CHANTAL DANJOU: POÈTES, CHENILLES, LES CHÊNES SONT RONGÉS, éd. Tipaza, collection Métive, p.n.i.

Cet ouvrage est édité sous la forme de trois volets et de vingt-quatre pages parmi lesquelles figurent cinq reproductions de peintures de Françoise Rohmer. Cette peinture, mobile et structurée, où les verts, les jaunes, les bleus, scandés d’un rouge vif, manifestent une vie ardente et jamais en repos, s’harmonise avec l’idée d’un arrière-pays méditerranéen.

La suite des poèmes, en prose, peut se lire comme le récit de la découverte d’un chêne vert, une yeuse, qui devient à son tour un plan fixe suscitant images et intuitions.

En effet, l’arbre est d’emblée le thème de métamorphoses: fleurs, plumage de paon. L’idée de l’ocelle suggère l’entrée possible dans une plus essentielle perception. Cependant, le regard ne crée là que mirages. Il faut renoncer à ces illusions pour atteindre à travers l’arbre, « l’organe rouge », vie réelle d’où procède le « conte » authentique.

L’envers de l’illumination factice est un processus cruel qui pourrait être sans fin: « les petites chenilles de l’étoilée rongent l’un et l’autre », à savoir l’arbre et le poème.
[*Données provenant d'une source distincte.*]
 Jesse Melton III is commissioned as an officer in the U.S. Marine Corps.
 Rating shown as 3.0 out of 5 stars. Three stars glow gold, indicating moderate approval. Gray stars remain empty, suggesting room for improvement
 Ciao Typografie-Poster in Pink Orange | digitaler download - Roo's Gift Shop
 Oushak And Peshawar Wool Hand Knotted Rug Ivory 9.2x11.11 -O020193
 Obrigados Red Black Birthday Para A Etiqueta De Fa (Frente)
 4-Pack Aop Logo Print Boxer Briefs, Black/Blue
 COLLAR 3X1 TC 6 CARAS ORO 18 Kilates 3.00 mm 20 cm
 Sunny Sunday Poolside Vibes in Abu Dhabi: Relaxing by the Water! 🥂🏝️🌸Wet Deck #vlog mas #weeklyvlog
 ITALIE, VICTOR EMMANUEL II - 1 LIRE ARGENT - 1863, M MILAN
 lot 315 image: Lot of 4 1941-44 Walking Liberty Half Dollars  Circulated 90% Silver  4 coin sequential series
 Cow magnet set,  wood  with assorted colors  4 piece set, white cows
Le paysage, à l’arrière-plan, prolonge ce passage du merveilleux à la chose nue.

L’art, toutefois, revient en filigrane: l’idée d’estampe, celle du temple grec aussi, plus essentiellement, lorsque la clarté se double de fuseaux d’obscurité. Chantal Danjou, parmi ces collines et face à elles, hésite entre la transfiguration artistique et l’accueil de l’irruption métaphysique: «La mort pourrait être ce grand fuseau bleu écartant les branches ».